Pada dasarnya, semua barang dikenakan PPN, kecuali yang ditentukan lain oleh UU PPN dan PPnBM (Negative List). Berdasarkan pasal 4A ayat 1 UU PPN dan PPnBM, jenis barang yang tidak dikenakan PPN berdasarkan UU ini ditetapkan dengan PP No. 144 Tahun 2000 jo. KMK-653/KMK.03/2001 jo. KEP-68/PJ/2002 tentang jenis barang dan jasa yang tidak dikenakan PPN.

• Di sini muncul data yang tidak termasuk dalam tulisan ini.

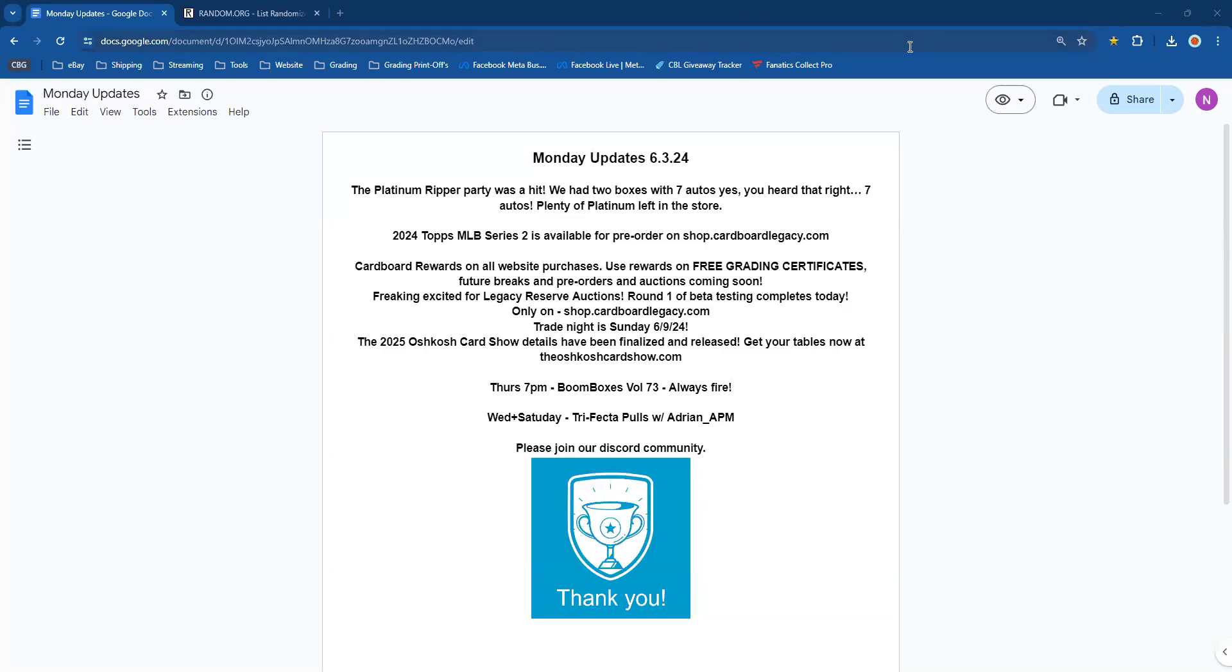Good morning everybody, it's 11:49 a.m. on 6-3-2024, and Saturday night, oh boy, did we have a ripper party. It was an absolute awesome time, super hit. We had two boxes, yes two boxes, with seven autos. Holy crap, seven autos! I can't believe that.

Berikut adalah barang-barang yang tidak termasuk Barang Kena Pajak (BKP):

  1. Barang hasil pertambangan atau hasil pengeboran yang diambil langsung dari sumbernya adalah minyak mentah, gas bumi (tidak termasuk gas bumi yang siap dikonsumsi langsung oleh masyarakat seperti elpiji), panas bumi, pasir dan krikil, batu bara (sebelum diproses menjadi briket batu bara), bijih besi, bijih timah, bijih emas, bijih tembaga, bijih nikel, bijih perak dan bijih bauksit.
  2. Barang-barang kebutuhan pokok yang sangat dibutuhkan oleh masyarakat banyak. Yaitu:
    1. Segala jenis beras dan gabah, seperti beras putih, beras merah, beras ketan hitam atau beras ketan putih. Sepanjang berbentuk sebagai berikut:
      1. Beras berkulit (padi atau gabah) selain untuk benih.
      2. Beras setengah digiling atau digiling seluruhnya, disosoh, dikilapkan maupun tidak.
      3. Beras pecah.
      4. Menir (groats) dari beras.
    2. Segala jenis jagung, seperti jagung putih, jagung kuning, jagung kuning kemerahan atau popcorn (jagung brondong). Sepanjang berbentuk sebagai berikut:
      1. Jagung yang telah dikupas.
      2. Menir (groats) beras jagung sepanjang masih dalam bentuk butiran.
    3. c. Sagu yang berbentuk:
      1. Empulur sagu.
      2. Tepung kasar dan bubuk dari sagu.
    4. Segala jenis kedelai, seperti kedelai putih, kedelai hijau, kedelai kuning atau kedelai hitam. Sepanjang berbentuk kacang kedelai pecah atau utuh.
    5. Garam, baik yang beryodium maupun yang tidak beryodium. Baik bentuk curah maupun briket.
  3. Makanan dan minuman yang disajikan di hotel, restoran, rumah makan, warung dan sejenisnya, baik yang dikonsumsi di tempat maupun yang dibawa pulang untuk menghindari pengenaan pajak berganda karena sudah merupakan objek pengenaan Pajak Daerah, tidak termasuk makanan dan minuman yang diserahkan oleh usaha jasa boga atau catering.
  4. Uang, emas batangan, dan surat-surat berharga.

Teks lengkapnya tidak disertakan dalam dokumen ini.